Photographer: Mikhael Holter/Bloomberg

Oil Cash Habit Could Be Hard to Kick for Norway's Vote Winner

  • Oil cash spending now equal to almost 8% of GDP in Norway
  • Norway election is too close to call ahead of Monday vote

Most politicians will talk tough on fiscal discipline before they get their hands on the world’s largest sovereign wealth fund.

Hilde Bjornland, one of Norway’s most prominent economists, isn’t putting too much faith in talk from the main protagonists in Norway’s election campaign of clamping down on spending from the nation’s vast oil wealth.

“The problem in Norway isn’t that the politicians spend so much in a downturn, but that they don’t similarly tighten in an upturn,” the professor at the Norwegian Business School said in an interview.

That would mean further withdrawals from the $980 billion wealth fund, which was tapped last year for the first time by the sitting Conservative-led government. Withdrawals will be about 70 billion kroner ($9 billion) this year, and with no inflows of new oil cash the fund is under increasing pressure to deliver solid returns. For now though, its investment income covers the outflows and then some.

Read more on the potential Norwegian coalitions

“It’s the returns that will matter going forward,” Bjornland said. “That means we’ll have to prioritize to a greater degree.”

The race is neck and neck between incumbent Prime Minister Erna Solberg and the opposition led by Labor’s Jonas Gahr Store. Both blocs are campaign on weaning the economy off its addiction to crude and scaling back on oil cash spending.   

Soon after assuming office, in 2013, the Solberg government was hit by a sharp drop in crude prices that sent shock waves through the economy, with more than 50,000 job losses in the oil sector alone. The government responded with tax cuts and massive investments in infrastructure, covered in part by the wealth fund withdrawals.

Spending of oil money will this year equal almost 8 percent of the economy, so cutting down could mean making hard budget choices. The government also earlier this year tightened the parameters limiting oil cash spending to 3 percent of the wealth from 4 percent. But that limit is discretionary.

According to Erik Bruce, a senior economist at Nordea Bank, the two establishment parties act as an anchor for fiscal prudence and will be very careful. “As the economy improves, and with the changes we’ve had in the fiscal spending rule, it means that there is little room for increased oil spending,” he said.

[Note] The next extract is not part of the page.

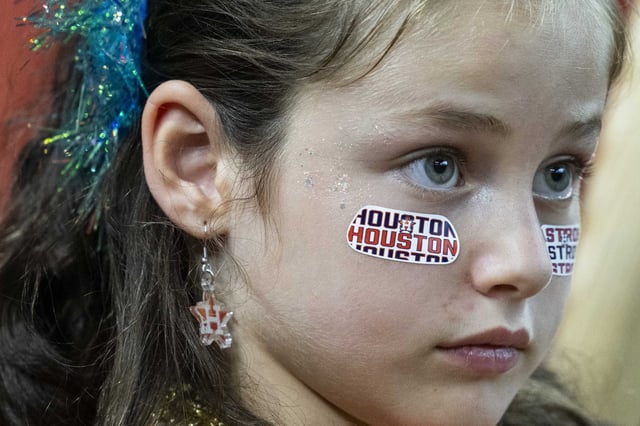 A young fan watches batting practice before an MLB baseball game in Houston, Friday, Aug. 15, 2025.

But Labor has seen its backing plunge in recent weeks and is headed for potentially the worst election since 2001, when it received 24.3 percent of votes cast. Many of its voters are fleeing to parties even further to the left, which could mean tough spending demands should a center-Left alliance emerge as the winner on Monday. While Labor has promised tax increases, it looks unlikely it will want to add to the roughly 15 billion kroner it has already proposed.  

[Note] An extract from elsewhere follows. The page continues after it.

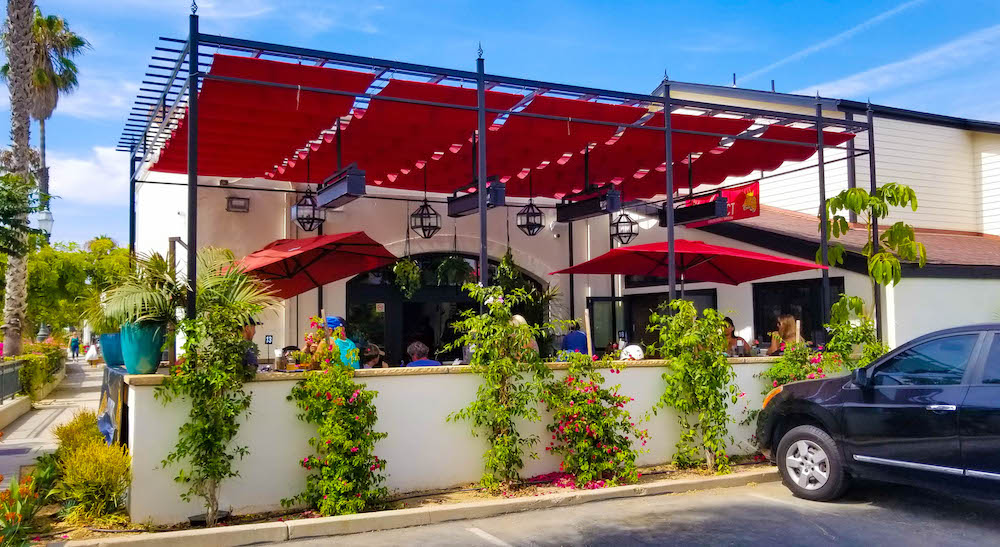 red awnings on a Santa Barbara restaurant with outside seating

The Conservatives will look to carry on for another four years with the Progress Party, which has pledged to continue as usual with the record spending and tax cuts.

With only a few days left to campaign, the contenders are now fighting for the undecided voters.

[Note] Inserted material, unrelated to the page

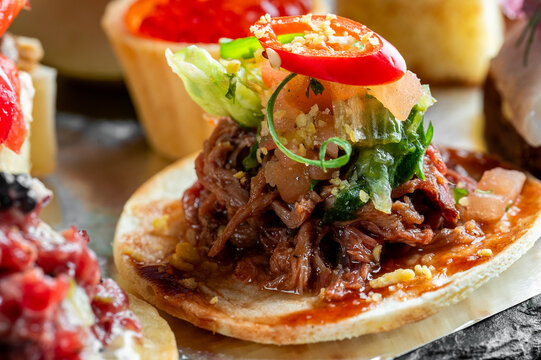 A closeup of a savory Mexican dish, possibly a chalupa or tostada, topped with slow-cooked shredded meat, fresh lettuce, red peppers, and a rich sauce on a toasted tortilla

“The election campaign is intense and exciting,” Gahr Store told reporters outside of Parliament on Thursday. “There are about 1 million voters that haven’t made up their mind yet. This is an opportunity for Labor and other parties to reach out to voters, and I have an ambition to show that we will.” 

Solberg said she’s buoyed by first erasing Labor lead and now building her own.

“It’s a positive development for a conservative majority, but it’s very tight and it will depend on who manages to mobilize this last weekend,” she said in an interview on Thursday.